The Huumus field describes the organic surface horizon of a soil profile. Up to four space-separated sub-formulas (Sif1-Sif4) may appear; each corresponds to one dominant soil unit within the mapping polygon.

A sub-formula may carry two slash-separated variants::

left  = metsakõdu (forest litter) reading
right = põllumaa huumus (agricultural humus) reading

When only one part is present it applies to both land-use types. Within each part, individual organic layers are joined by + or ;.

Notation reference

th[depth] Toorhuumus (raw/mor humus). Always > 10 cm; strongly acidic, poorly decomposed; typical of conifer forests. E.g. th15 (15 cm thick).

t[degree][depth] Turvas (peat). Decomposition degree encoded as Unicode subscripts ₁₂₃ (U+2081-U+2083) or plain ASCII digits 1/2/3: 1 = weakly, 2 = moderately, 3 = strongly decomposed. E.g. t₂20.

h[depth] Huumus (mineral humus horizon, mull). Rare in the dataset (~4 rows).

[depth][degree] or [degree][depth] Metsakõdu (forest litter). Decomposition degree 1-3; thickness ≤ 10 cm. Subscript notation (₁₂₃) unambiguously means kõdu. E.g. 5₂ (5 cm, degree 2).

0 No organic matter present.

Depth notation: single value (e.g. th15) or range N-M cm (th15-25). Represents thickness of the horizon, not depth-to-top. Brackets (...) mark uncertain or locally variable layers — stripped before parsing.

Formal encoding structure::

siffer1 [siffer2 [siffer3 [siffer4]]]         (space-separated)
Each siffer : [forest_part /] agri_part        (slash split)
Each part   : unit [+ unit ...]
Each unit   : th[d] | t[deg][d] | h[d] | 0 | [d][deg]
Main entry point

:func:parse_huumus_formula — Dask-safe, returns a 24-column pd.Series. See :data:_EMPTY_PARSE for the full output schema with field descriptions.

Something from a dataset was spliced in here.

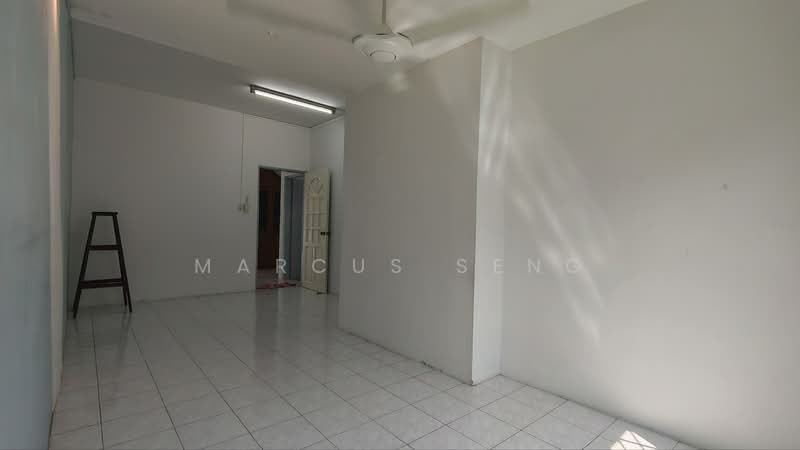 Rumah Teres 2 Tingkat untuk Dijual di Taman Ipoh Timur (Ipoh) - Marcus Seng - Interior - PropertyGuru.com.my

Copyright (C) 2018-2026 Alexander Kmoch, University of Tartu. MIT License.

parse_huumus_formula(text)

Parse a single Huumus field value into a fixed-schema pd.Series.

Implements the Estonian soil-map Huumus encoding rules:

  • Up to four space-separated siffer sub-formulas (Sif1 … Sif4).
  • / separates upper and lower depth layers in the soil profile (left = upper layer, right = lower layer).
  • / (space-slash-space) is the legacy paper-map convention for agricultural-vs-forest-land separation within one polygon; detected by preprocessing and flagged as h_is_agri_forest.
  • Within each side, + or ; separates stacked sub-layers (litter layers or multiple humus types).
  • Individual units are classified as toorhuumus (th), turvas/peat (t), huumus (h), no-organic (0), or metsakõdu/litter (digit/subscript).

Output columns per unit (×4):

  • h_phu_type / _min / _max — primary humus from the right (lower-layer) side of / (or whole expression if no /).
  • h_lhu_type / _min / _max — secondary humus from the left (upper-layer) side, if present.
  • h_o1_deg / _min / _max through h_o3_* — litter (kõdu) layers from the left side, in bottom-to-top order: O1 = bottom (most decomposed, deepest), O3 = top (freshest, shallowest).
  • h_has_depth_split — True when / is present.
  • h_is_agri_forest — True when / pattern detected.
  • h_depth_total — sum of phu + lhu depth midpoints; values

    40 cm flagged for agri/forest review.

Designed as a drop-in for Series.apply() inside a Dask map_partitions call. The function is a plain module-level function with no closures over non-picklable objects, so it is safe for processes=True Dask workers.

Parameters

text : str | None Raw Huumus string, e.g. 'th15/h5 t₂20' (toorhuumus 15 cm / humus 5 cm upper/lower; peat degree-2 20 cm).

Returns

pd.Series ~96 fixed keys — see _EMPTY_PARSE and the module docstring for the full schema and field descriptions.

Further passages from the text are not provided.